Nikola Tesla
Tesla’s Colorado Springs Diary — A Day-by-Day Dive
June 24, 1899 — Conduction Through Rarefied Gas
Today, Tesla records a plan to produce a “conducting path of extremely low resistance”—suitable for “resonating circuits and other uses.” He notes that such a method “offers the possibility of attaining results which can not be reached otherwise.”
The method is based on a key observation: when a discharge of sufficient intensity—preferably at high frequency—is passed through a rarefied gas, the resistance of that gas can drop “far below that of the best conductors.” Under such conditions:
“An immense amount of energy may be passed and currents of a maximum strength such that they can not traverse a copper wire… may be made to traverse the rarefied gas.”

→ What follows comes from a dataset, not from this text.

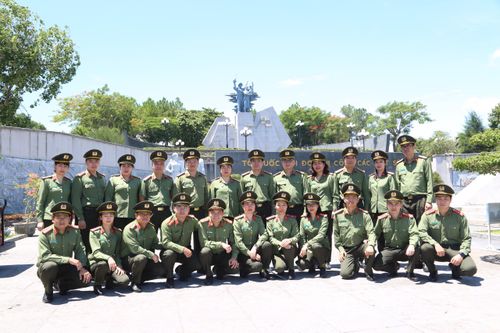 Hoạt động ý nghĩa của Cụm thi đua số 4 - Công an Hà Nội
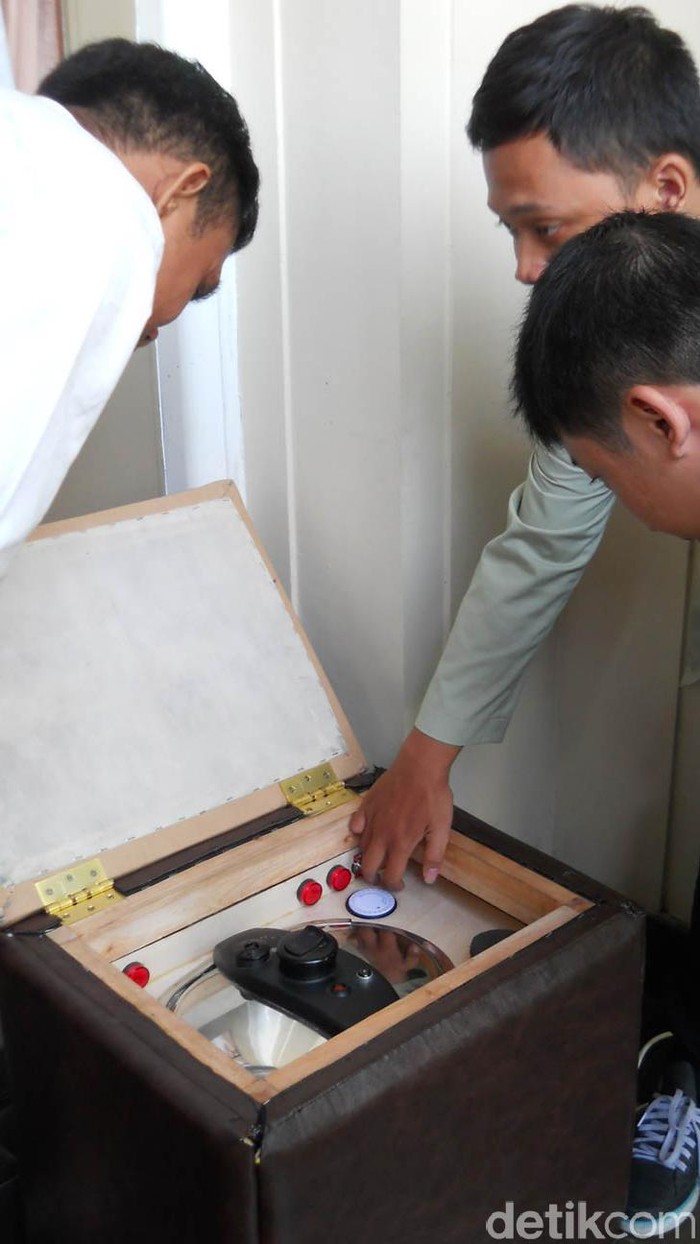 Alat Pengolah Limbah B3 Portabel dan Ramah Lingkungan Karya Mahasiswa UGM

Tesla proposes building a circuit with a coiled glass tube containing rarefied gas, kept at a high degree of excitation and incandescence. This column would serve as a path for high-frequency currents, connected through a condenser and a grounded conductor (L), with an elevated terminal.
He offers a practical example: if currents of the same frequency from a distant transmitter were passed through this gas column, they could cause a “great rise of the e.m.f. on the terminals of conductor L,” which might then be used to operate a receiving instrument.
Rather than presenting this as a conclusive breakthrough, Tesla is clear—this is a plan based on prior observation, not a finished system. His final note:
“(To follow up.)”
(Primary Source: Nikola Tesla, Colorado Springs Notes, 1899–1900 (Nolit, Belgrade, 1978), June 24 entry, p. 45.)